Da się w ciągu mniej niż doby (powiedzmy 12h) zorganizować warunki do pilnowania temperatury piwa praktycznie za bezcen!
Mając 60+ piw na karku i tak doprowadziłem się do takiej sytuacji, więc proszę bardzo, moje rezultaty (tak, mam problemy z dyscypliną).
Najważniejsza dla nas jest zielona linia. Czerwona to temperatura otoczenia (zakłócona pracą lodówki obok), dwie niebieskie i żółta, to ustawienia termostatu, pomiar temperatury powietrza w lodówce i piwa w lodówce.
Zielona natomiast, to pomiar temperatury piwa, które w lodówce się nie zmieściło... i na nim się skupimy.
W czerwonym "kółku" jest okres fermentacji burzliwej (chyba, nie zaglądałem, oceniam po temperaturze)
Żółte pionowe kreski to momenty, gdy zmieniałem butelki z zamrożoną wodą.
Wiadro z fermentującym piwem jest w kartonie zgarniętym za darmo z marketu meblowego! Jest za duże, zupełnie zaniedbane jeśli chodzi o szczelność...
Miałem przygotowane 4 butelki 1l. Wkładałem po 2. Czyli 2 zamarzają, 2 chłodzą piwo.
Byłbym zapomniał... sposób pomiaru. Sonda włożona w wiadro mniej więcej w 2/3 odległości między brzegiem a środkiem wiadra, czyli miejsce, gdzie wydaje mi się, że będzie wynik najbardziej uśredniony dla całej objętości.

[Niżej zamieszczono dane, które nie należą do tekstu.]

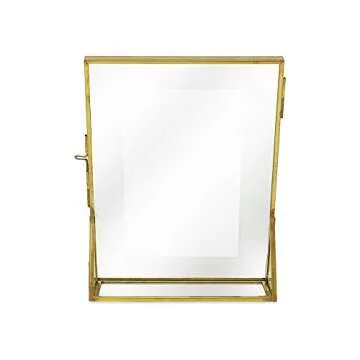 Isaac Jacobs 5x7, Antique Gold, Vintage Style Brass and Glass, Floating Photo Frame, Metal, (Vertica...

W najwyższym punkcie temperatura osiągnęła 19,06 °C (pierwszy szczyt). Wiedziałem, że jest to moment do mocniejszego pilnowania... ale akurat zapomniałem, że trzeba wymienić butelki przed snem. No i lepiej byłoby mieć ich 6 (szczególnie, że zapomniałem o opcji "super freeze" w zamrażarce...)
To jest co najmniej szósty raz jak robię coś takiego, ale pierwszy raz mam wykresy, które da się pokazać.
Początkowo wycinałem otwory w brzegu kartonu i oglądałem termometr ciekłokrystaliczny przyklejony do wiadra i też się dało. Przez jakieś 2 takie warki miałem jednocześnie czujkę i naklejkę... i pokazywały to samo z dokładnością do 1 °C.
Oczywiście jak macie lodówkę turystyczną, pudło ze styropianem, torbę z Glovo czy Ubera, to będzie trzeba rzadziej zmieniać butelki, ale zasada zostaje ta sama...
Od nie pamiętam jak dawna zawsze mam jakieś zamrożone butelki, czasem używane do schłodzenia piwa w środku lata, gdy lodówka jest za wolna.... ale mam...
I serio... nic nie macie, to chociaż zwykły karton, serio! da się!
Jakby ktoś pytał: tym razem było na US-05
Mając bardziej pro lodówkę z termostatem nie użyłbym płynnych drożdży, bo szkoda kasy na ewentualność, że zapomnę na 2-3 dni, że muszę pilnować... tak, serio mam problemy z samodyscypliną.